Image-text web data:
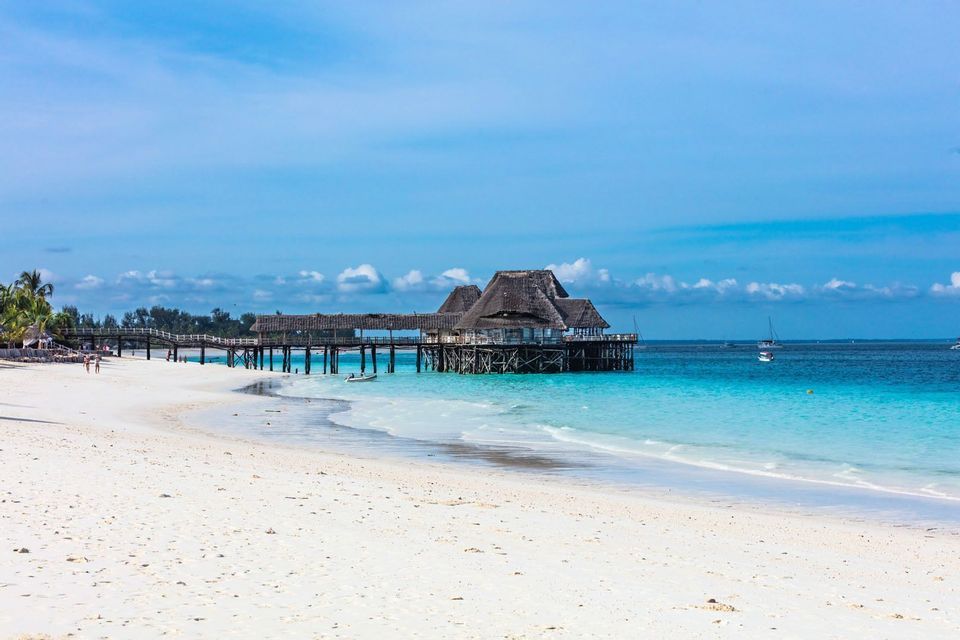 Un bâtiment en bois avec un toit de chaume sur pilotis se dresse au bout d'une jetée au-dessus d'une eau turquoise, à côté d'une plage de sable blanc.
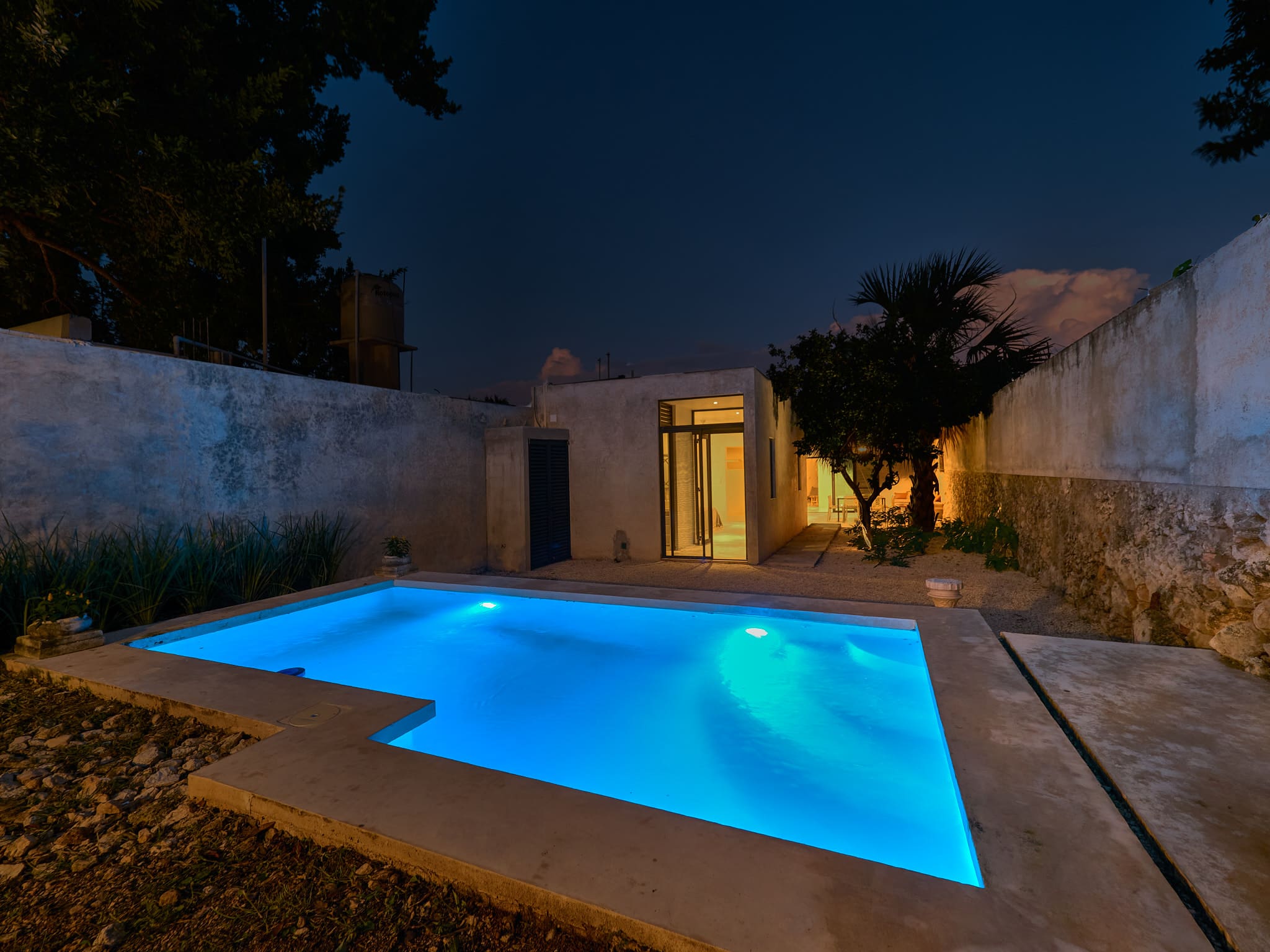 A modern backyard pool illuminated at night with blue lights.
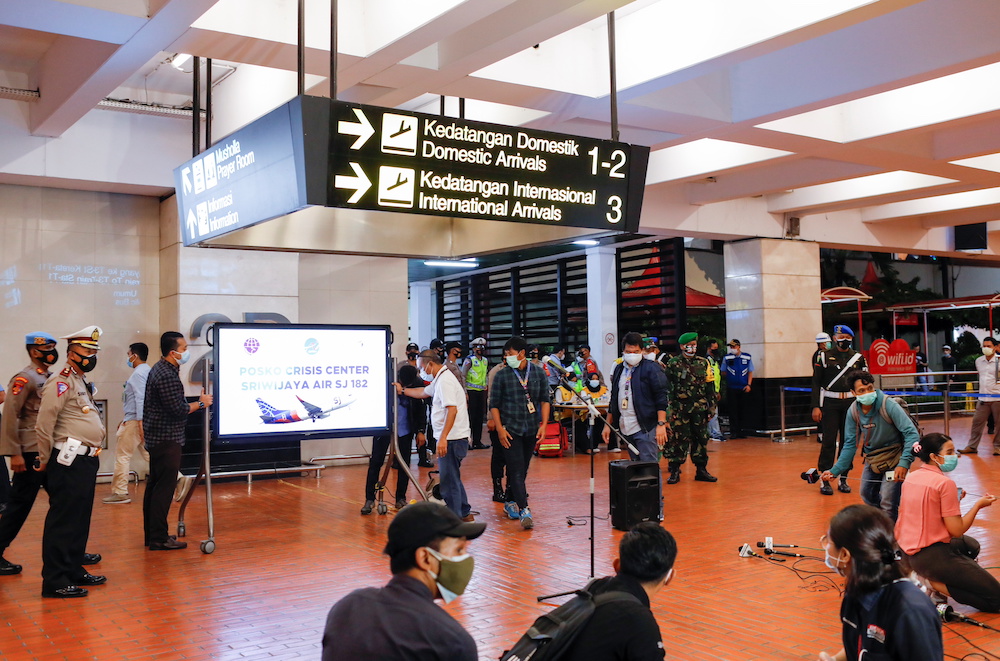 Members of the media gather in the domestic terminal of Soekarno-Hatta International Airport, after Sriwijaya Air plane flight SJ182 lost contact after taking off, in Tangerang, near Jakarta, Indonesia, January 9, 2021. u00e2u20acu201d Reuters pic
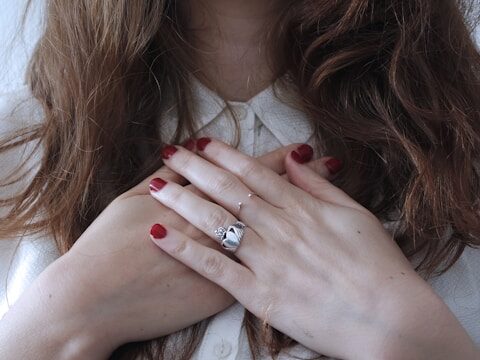 女性が両手を胸に当てている画像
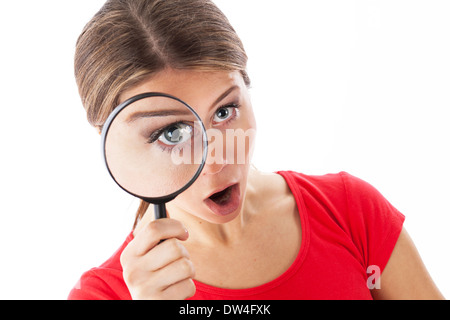 Fille à travers une loupe et à la surprise, isolated on white Banque D'Images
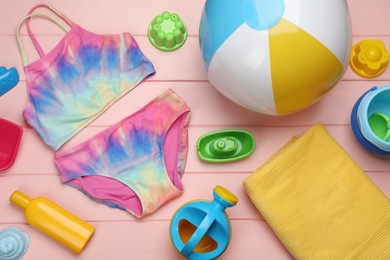 Photo of Flat lay composition with beach ball and sand toys on pink wooden background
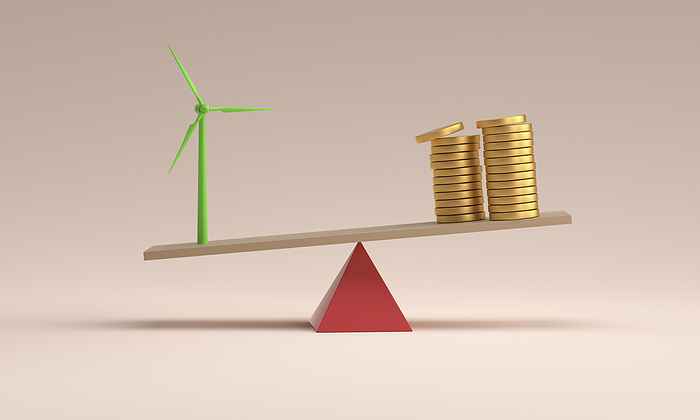 Balance of wind turbine model and money stack against pink background
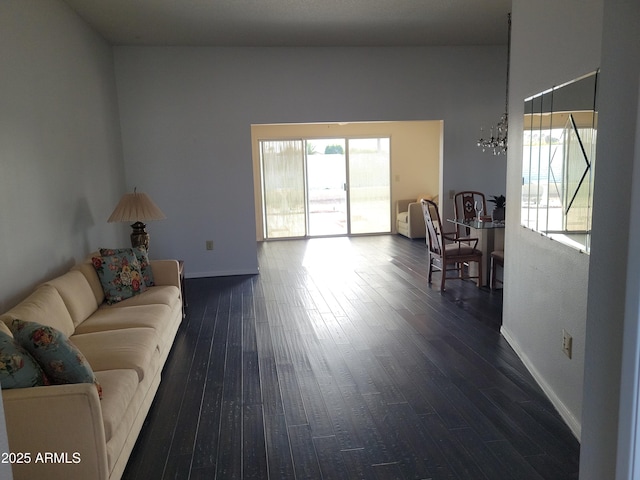 living room with dark hardwood / wood-style floors, a healthy amount of sunlight, and an inviting chandelier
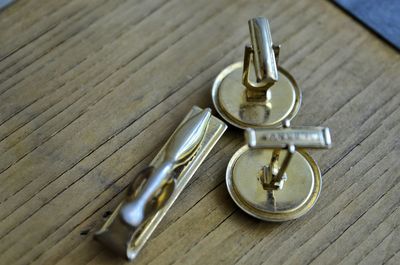 High angle view of cuff links on wooden table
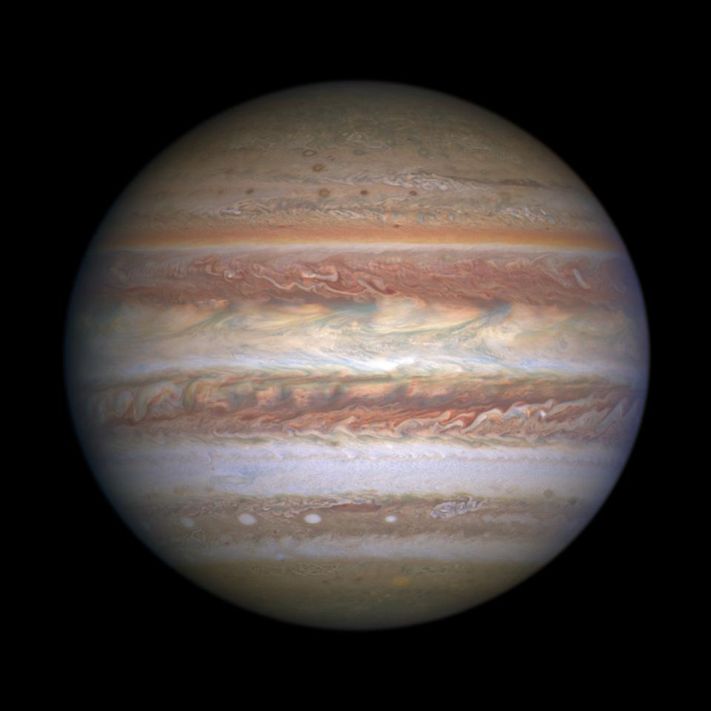 Jupiter glows like a jack-o'-lantern in stunning new images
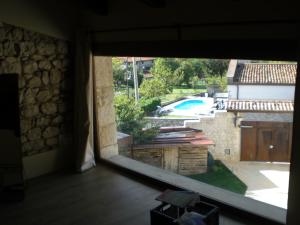 a room with a large window looking out at a swimming pool at Venezia delle Nevi in Budòio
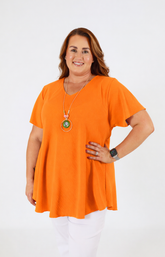 Woman wearing an orange blouse on a white background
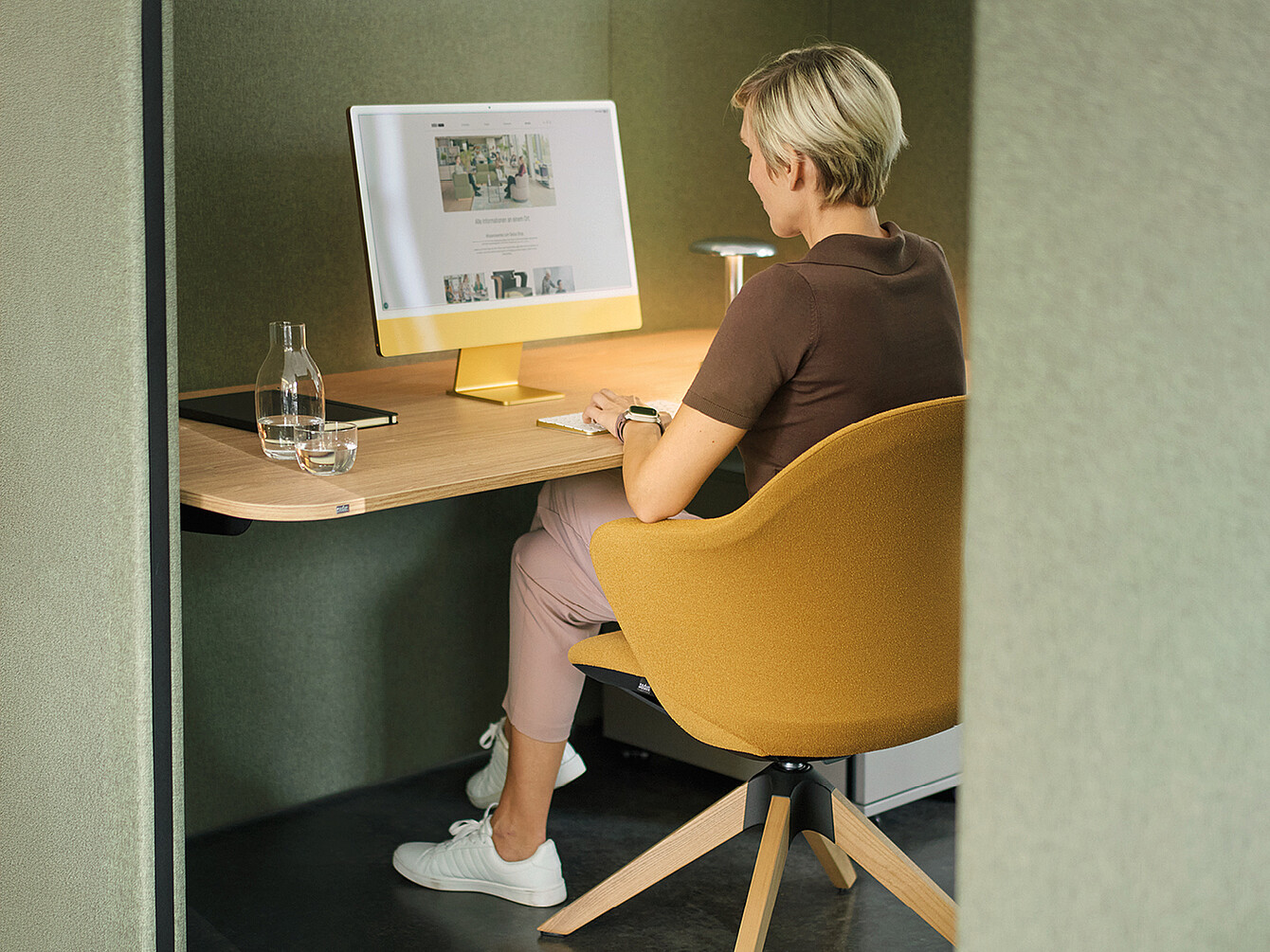 Une personne aux cheveux blonds courts est assise à un bureau moderne dans un espace de travail séparé et insonorisé. Elle porte un t-shirt marron, un pantalon beige et des baskets blanches. La chaise de bureau est jaune et de forme arrondie. Sur le bureau se trouvent un grand ordinateur avec un socle jaune, un verre d’eau et un cahier. Les murs de l’espace de travail sont recouverts d’un tissu verdâtre, créant une atmosphère apaisante.
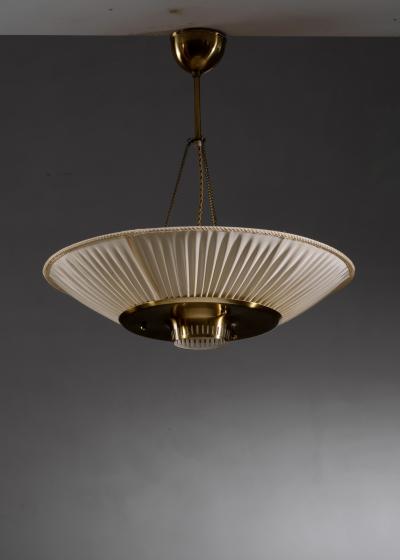 Fabric and brass pendant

Exercise objective:
With the pictures set aside, please write out all of the records above exactly.

Written answer:
 Un bâtiment en bois avec un toit de chaume sur pilotis se dresse au bout d'une jetée au-dessus d'une eau turquoise, à côté d'une plage de sable blanc.
 A modern backyard pool illuminated at night with blue lights.
 Members of the media gather in the domestic terminal of Soekarno-Hatta International Airport, after Sriwijaya Air plane flight SJ182 lost contact after taking off, in Tangerang, near Jakarta, Indonesia, January 9, 2021. u00e2u20acu201d Reuters pic
 女性が両手を胸に当てている画像
 Fille à travers une loupe et à la surprise, isolated on white Banque D'Images
 Photo of Flat lay composition with beach ball and sand toys on pink wooden background
 Balance of wind turbine model and money stack against pink background
 living room with dark hardwood / wood-style floors, a healthy amount of sunlight, and an inviting chandelier
 High angle view of cuff links on wooden table
 Jupiter glows like a jack-o'-lantern in stunning new images
 a room with a large window looking out at a swimming pool at Venezia delle Nevi in Budòio
 Woman wearing an orange blouse on a white background
 Une personne aux cheveux blonds courts est assise à un bureau moderne dans un espace de travail séparé et insonorisé. Elle porte un t-shirt marron, un pantalon beige et des baskets blanches. La chaise de bureau est jaune et de forme arrondie. Sur le bureau se trouvent un grand ordinateur avec un socle jaune, un verre d’eau et un cahier. Les murs de l’espace de travail sont recouverts d’un tissu verdâtre, créant une atmosphère apaisante.
 Fabric and brass pendant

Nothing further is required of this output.